The Rev. Ronald Popivchak recently took Pope Francis up on his invitation last fall for clergy and laymen to submit their ideas on ways the Catholic Church can upgrade its profile.
And so the pastor of Ss. Peter and Paul Ukrainian Catholic Church in Bridgeport appointed himself administrator, overseer, leader – a metaphorical bishop for a day, as it were.
In his newly published book, “Bishop for a Day: Ideas to Heal and Renew the Catholic Church,” Popivchak — a gregarious man who is a self-avowed fishing buff and prefers being called Father Ron — covers a lot of ground in a quick and easy read of 91 pages filled with opinions and solutions surrounding such issues as parish closures, abortion, clergy sex abuse scandals, contraception, women in the church and youth.
“About a year and a half ago I decided to sit down and gather up all the facts I could and my ideas to try to help the church and the bishops and present them,” Popivchak noted. “I saw five or six priests in our town and neighboring towns charged with sex abuse and the church couldn’t get a handle on it.
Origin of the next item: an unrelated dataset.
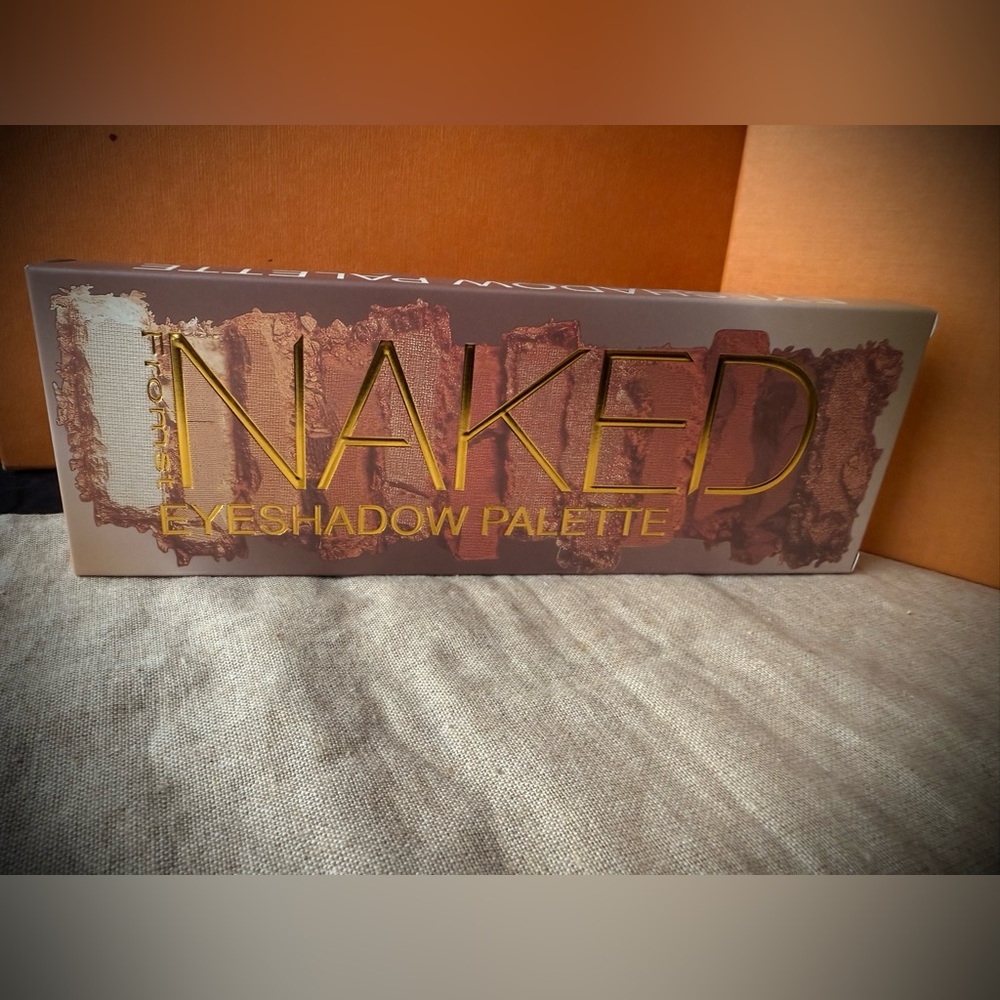 NIB Eyeshadow Palette - Gold and Brown Shades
It bothered me, and also seeing the diocese going bankrupt. None of this is healthy for the church.”
In his introduction Popivchak writes, “For the first time in modern history, the Holy Father wants to know what we the priests and you the laity think about the thorny issues of family life! Divine Providence indeed! And if the Pope himself wants ideas, far be it from me to refuse this invitation. But I write not only out of obligation, but mainly out of love for the faithful and respect for the bishops. And I write as a Pastor with decades of experience with the sole purpose of helping the Church and her betroubled leaders in these difficult times.”
With streams of light radiating through a stained glass window onto a bishop’s miter, the striking cover sets the premise for the book, Popivchak said.
“The Holy Spirit is trying to enlighten the church, but the church isn’t reacting to it. If that hat were on my hat, what would I do? That’s the conceit I try to convey.”
Among the many things about the modern church he would attempt to rectify is the church’s long-held view on women’s secondary status, Popivchak allowed.
“If you remove half the population in decision making, what’s going to happen? It’s a shame how women have been (excluded),” he said.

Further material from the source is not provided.